Wed Nov 22 2006
By Martin Cash
Winnipeg Free Press
The five-year agreement is part of a larger initiative between the province and the Assembly of Manitoba Chiefs that could lead to an expansion of gaming activities on First Nations communities.
Details of how the new fund will work have yet to be determined, but it is to be managed by a board of trustees, which will include representatives of the AMC and the province. Money for the fund will come from lottery profits.
AMC officials said they hope the fund will be in place by the spring.
The deal is seen as part of a much broader effort by First Nations leaders, the private sector and the province to create economic development opportunities for Manitoba's relatively impoverished First Nations.
For instance, a group of more than a dozen bands are negotiating with Ainsworth Lumber to acquire an ownership stake in a new $250-million oriented strand board plant that the B.C. company is looking to develop near Selkirk.
Also, the Nisichawayasihk Cree Nation of Nelson House is partnering with Manitoba Hydro in the Wuskwatim Hydro generating station.
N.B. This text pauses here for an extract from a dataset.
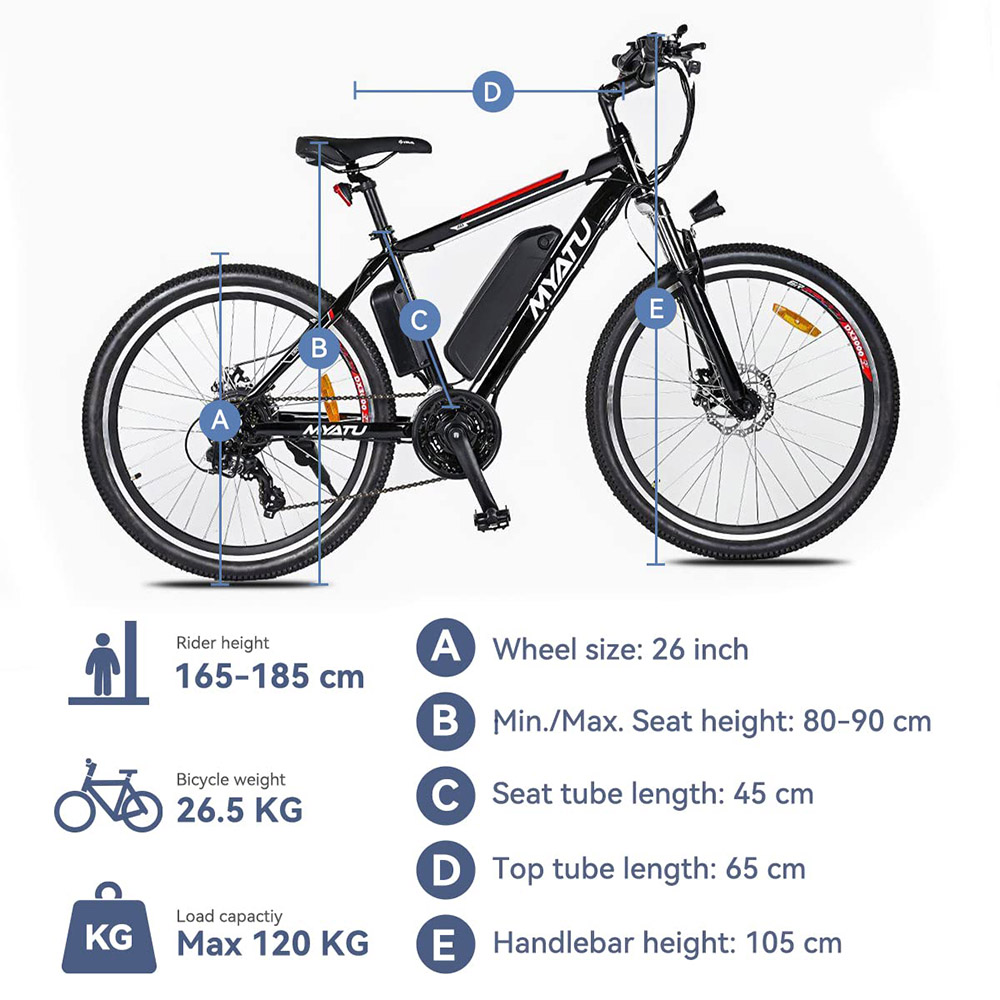 Myatu M0126 26 Tires Spoked Wheel Electric Bike, 250W Motor, 36V 12.5Ah Battery, 25km/h Max Speed, 50miles Range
That band has the right to acquire a 33-per-cent stake in the dam by the time construction is completed in 2012 and to share in the profits over the life of the project.Manitoba Hydro has already said it would negotiate some sort of economic participation deal with other First Nations as it develops the large Conawapa project.
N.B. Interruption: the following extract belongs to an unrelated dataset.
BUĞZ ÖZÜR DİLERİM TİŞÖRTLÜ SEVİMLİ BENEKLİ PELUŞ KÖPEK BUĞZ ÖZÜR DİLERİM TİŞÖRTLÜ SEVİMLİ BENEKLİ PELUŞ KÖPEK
Dave Chomiak, the minister responsible for gaming in the province, said that negotiations with AMC on gaming issues have been going on for close to three years.
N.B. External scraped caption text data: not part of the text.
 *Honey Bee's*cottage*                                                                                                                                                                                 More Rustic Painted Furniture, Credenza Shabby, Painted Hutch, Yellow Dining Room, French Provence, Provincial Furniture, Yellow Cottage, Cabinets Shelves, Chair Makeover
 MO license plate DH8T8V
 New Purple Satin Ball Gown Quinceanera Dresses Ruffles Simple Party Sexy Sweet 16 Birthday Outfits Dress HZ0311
"This fund is part of a larger package that includes a marketing study on new First Nations gaming opportunities," he said. "We think such a fund is necessary because of the terrible situation of poverty and unemployment on reserves and the fact that there is no real investment capital available for First Nations."
Those negotiations include the possibility of establishing a First Nations Gaming Corp., which would provide the oversight and governance for casinos on reserves
Dennis Meeches, chief of the Long Plains First Nation, has been on AMC's negotiating team. He said the process is part of the long-standing discussions about the development of more First Nations gaming in Manitoba.
In 2000, the province agreed to license five First Nations casinos but only two have gone ahead -- one at the Opaskwayak Cree Nation in The Pas and one on the Brokenhead reserve north of Winnipeg on Highway 59.